This old chestnut - wanting to do the MMM Vanguard strategy but living in Australia, not the US. This topic is probably stumping a few people I think, and is the very same topic I'm trying to get my head around. So far I'm still confused. I've read a few responses, here is one with an entertaining title:

http://forum.mrmoneymustache.com/investor-alley/australian-thinks-about-investing-in-vanguard-funds-head-explodes/

My question is - what is the difference between investing in a Vanguard ETF vs a Vanguard index fund? Say, in the example of the US total stock market index, or the Australian ASX top 300 companies. There is an index fund and an ETF for both of them. I understand they are sold differently (Index funds are mutual funds but ETFs are traded like other equities).

But aside from that the only difference I can see is the management costs, which are much lower for the ETFs. Making it a clear winner for the ETFs, in terms of investing as an Australian. Am I missing something? Are they set up completely different and have lots of other little differences in terms of dividends, etc?

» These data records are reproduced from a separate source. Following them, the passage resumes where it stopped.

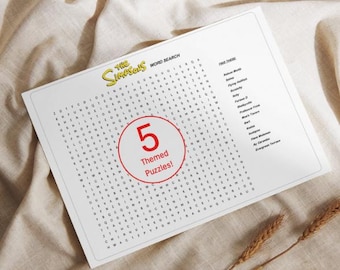 The Simpsons Word Search Puzzle Bundle A – 5 Fun & Iconic Puzzles for Fans | Printable PDF Download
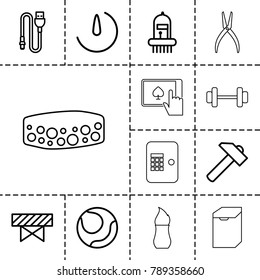 Equipment icons. set of 13 editable outline equipment icons such as barrier, hummer, volleyball, musical instrument, wire, stopwatch camera, atm, brush, finger on tablet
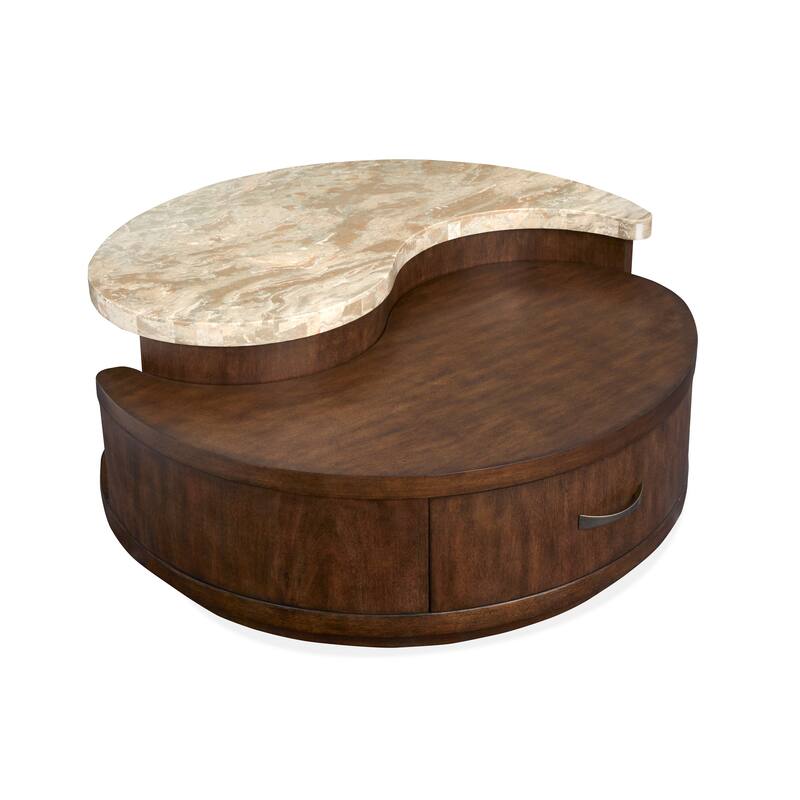 Magnussen Home Mcpherson Burnt Umber Round Cocktail Table with Casters - 40''W x 40''D x 17''H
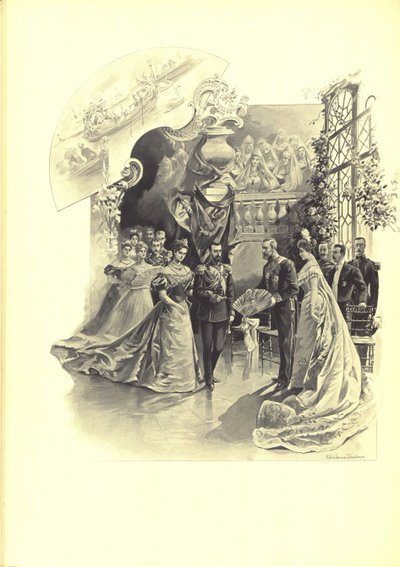 Alexandra Fyorodovna e Nicholas II durante a recepção cerimonial na Embaixada da França, 1899 de Elena Petrovna Samokish Sudkovskaya
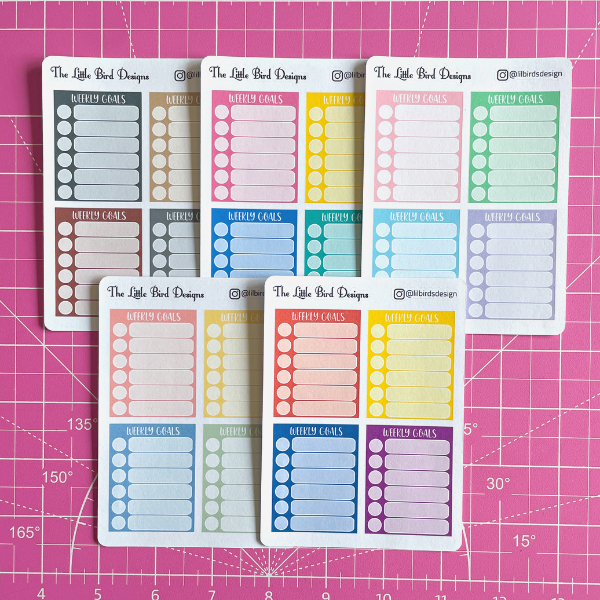 Weekly Goals - 2 Fonts - Sticker Sheets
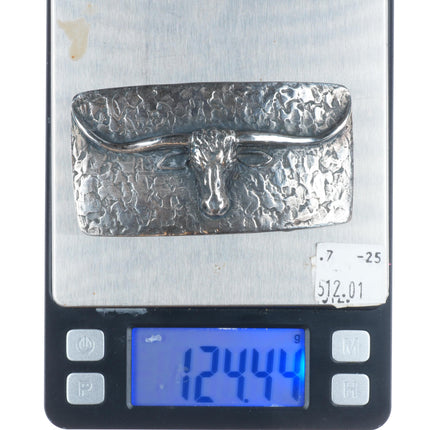 Retired James Avery Sterling silver Texas Longhorn belt buckle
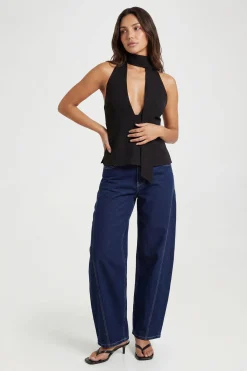 boohoo Haut Ajusté À Décolleté Plongeant Avec Détail Foulard<Femme Tailleurs|Tops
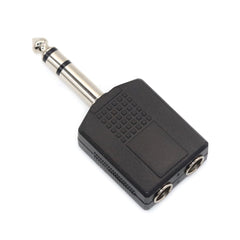 1 件 1/4 英寸单声道/立体声音频插孔插头适配器公头至母头 6.35 毫米双插孔耳机麦克风 Y 型分配器转换器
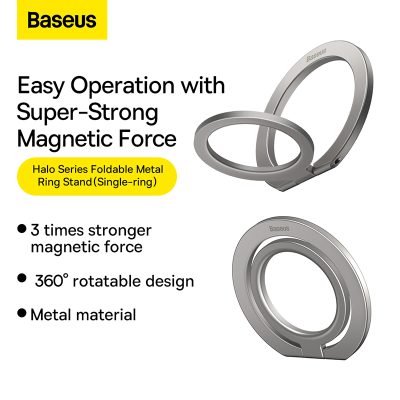 Giá đỡ vòng kim loại hiệu Baseus Halo Series Foldable Metal Ring (Single-ring) - Trải nghiệm sự tiện lợi và phong cách tối thượng với giá đỡ <strong>Baseus Halo Series Foldable Metal Ring</strong>. Đây là giải pháp 3-trong-1 hoàn hảo: giúp bạn cầm nắm điện thoại chắc chắn hơn, chống rơi vỡ; làm chân đế rảnh tay để xem phim, video call; và tương thích với các loại giá đỡ từ tính trên ô tô. Được chế tác từ hợp kim kẽm cao cấp, sản phẩm có thiết kế siêu mỏng, có thể gấp gọn hoàn toàn vào mặt lưng, không gây cộm khi đút túi. Vòng xoay 360° và gập 180° linh hoạt giúp bạn điều chỉnh mọi góc nhìn. Nâng tầm trải nghiệm sử dụng smartphone của bạn với <strong>Baseus Halo Series Foldable Metal Ring</strong> - một phụ kiện nhỏ gọn nhưng đầy quyền năng.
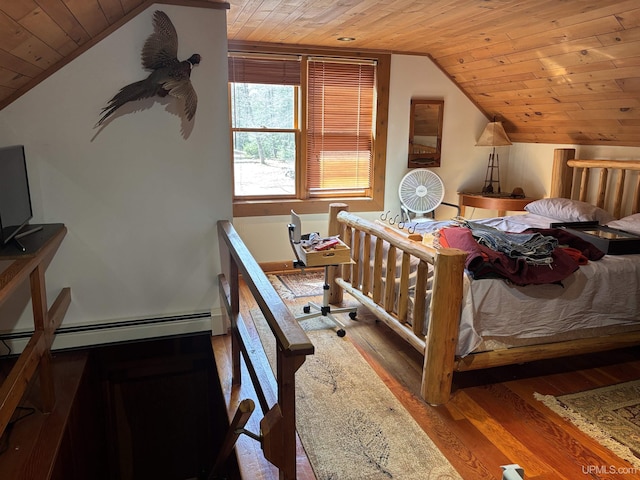 bedroom featuring wooden ceiling, lofted ceiling, wood finished floors, and a baseboard radiator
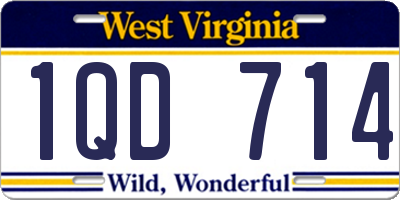 WV license plate 1QD714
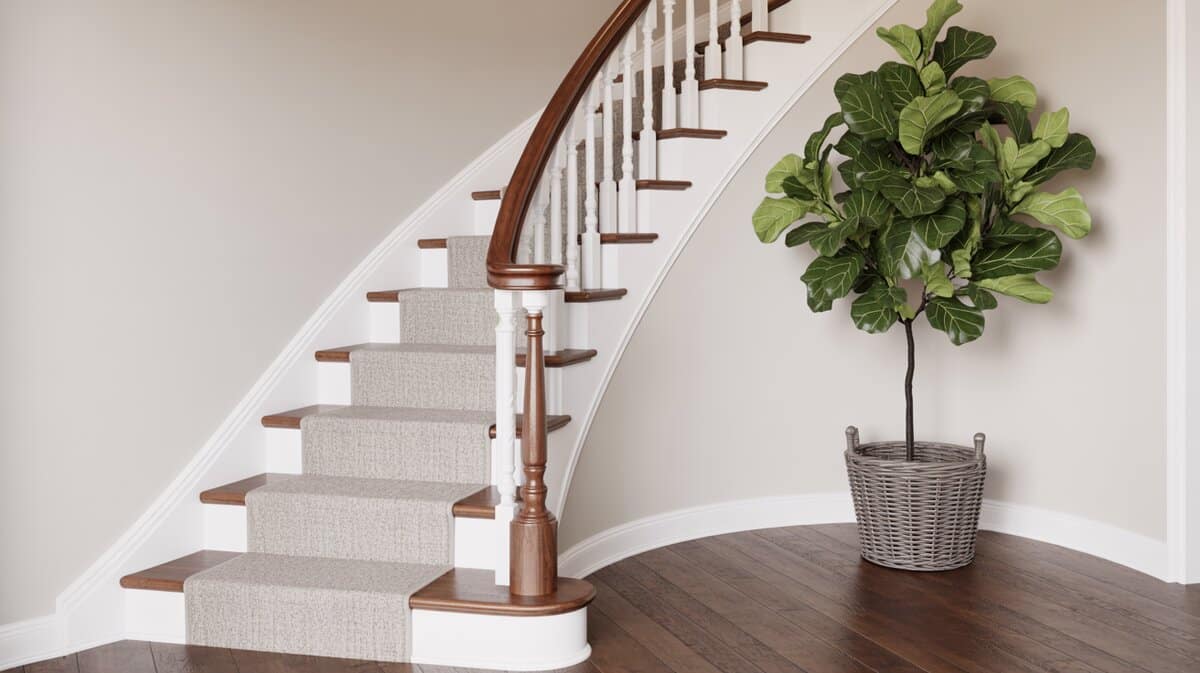Curved staircase with warm walnut handrail and white balusters beside a tall fiddle leaf fig tree in wicker basket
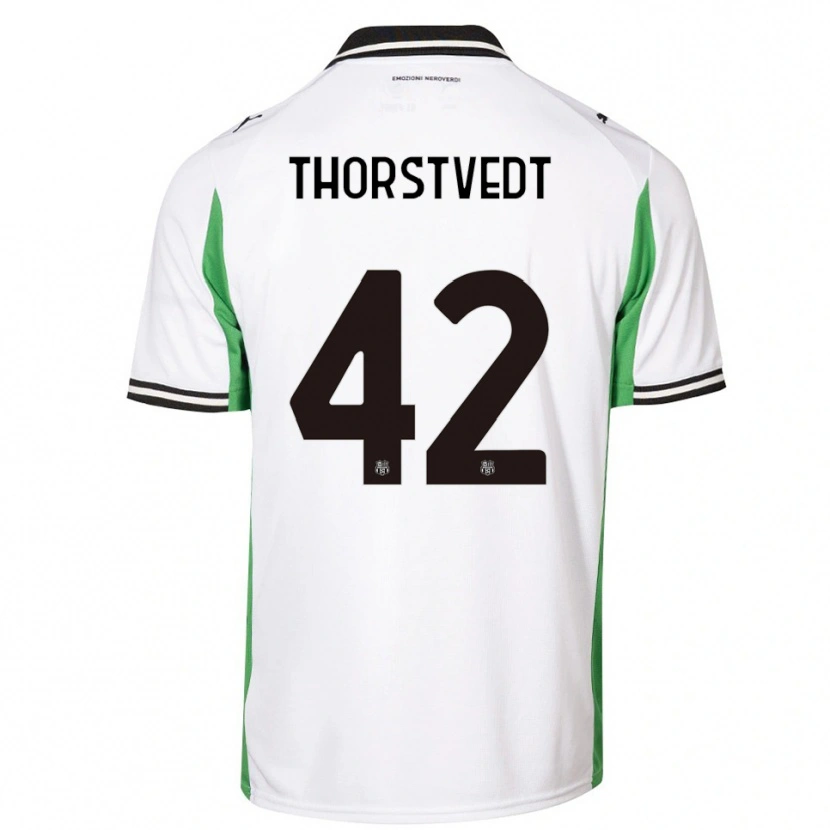 Danxen Donna Maglia Kristian Thorstvedt #42 Bianco Verde Nero Kit Gara Away 2025/26 Maglietta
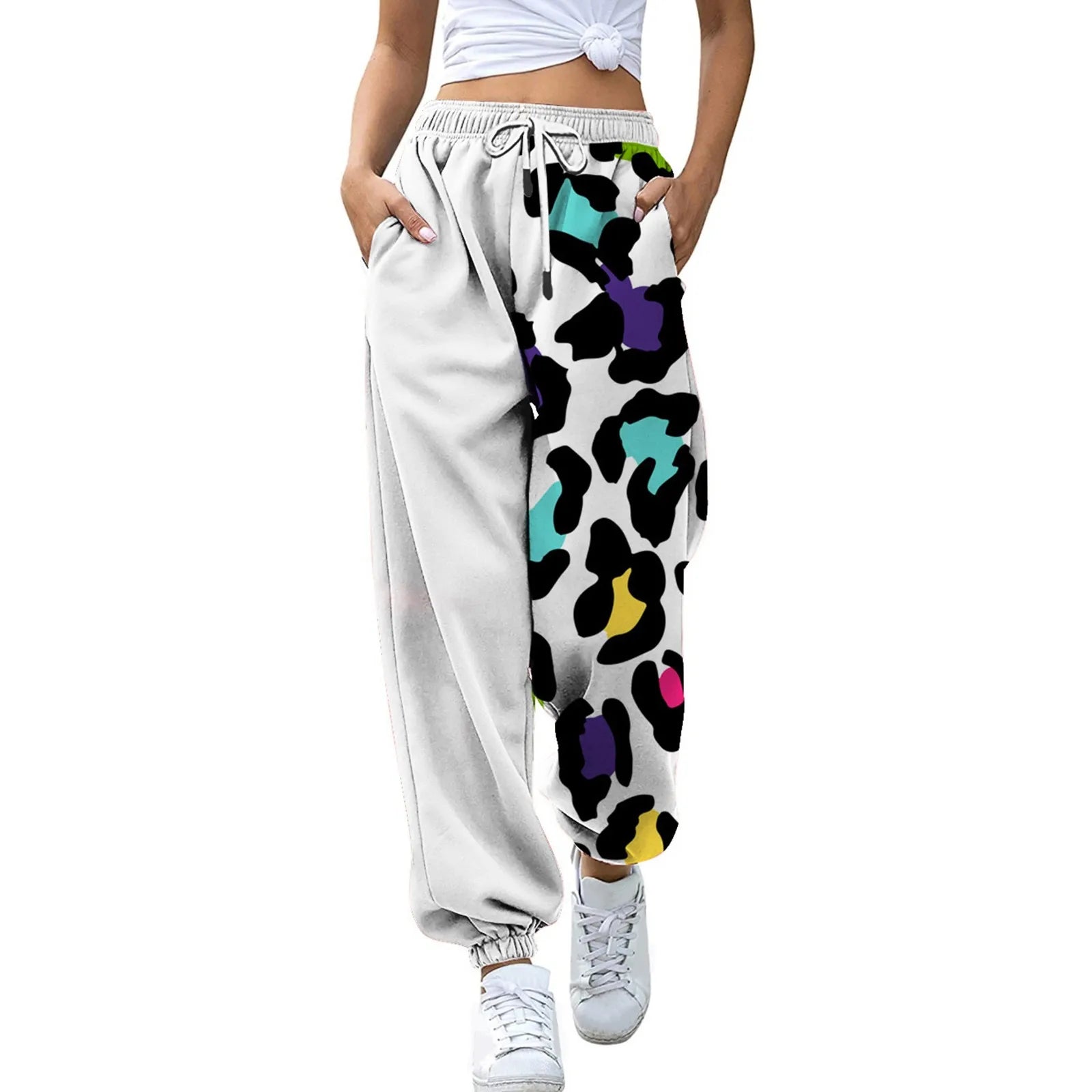 Loose Jogging Pants for Women – High Waisted Fashion Print Athletic Joggers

I want to clarify that index funds are not automatically mutual funds. The term index fund just means that the fund follows a certain index (say "Total stock market" or "Large cap stocks"). Both types of funds (mutual and ETF) can be index funds. It helps to remember that "ETF" is short for Exchange Traded Fund. The differences are small for most people. With mutual funds you just invest your money (ex: $1000) and at the end of the day, after the NAV (Net Asset Value) is determined, that's how much of the fund you buy. Effectively that's that. With ETFs, since they are traded on the market and have shares with prices that fluctuate during the trading day, you don't just put $1000 into one, you actually buy X number of shares. There are also supposed to be some tax differences with how the two types of funds are managed that ultimately make ETFs a bit more tax efficient than mutual funds. Obviously that's a good thing in a taxable account, but doesn't matter if you're investing inside of a tax advantaged/retirement account.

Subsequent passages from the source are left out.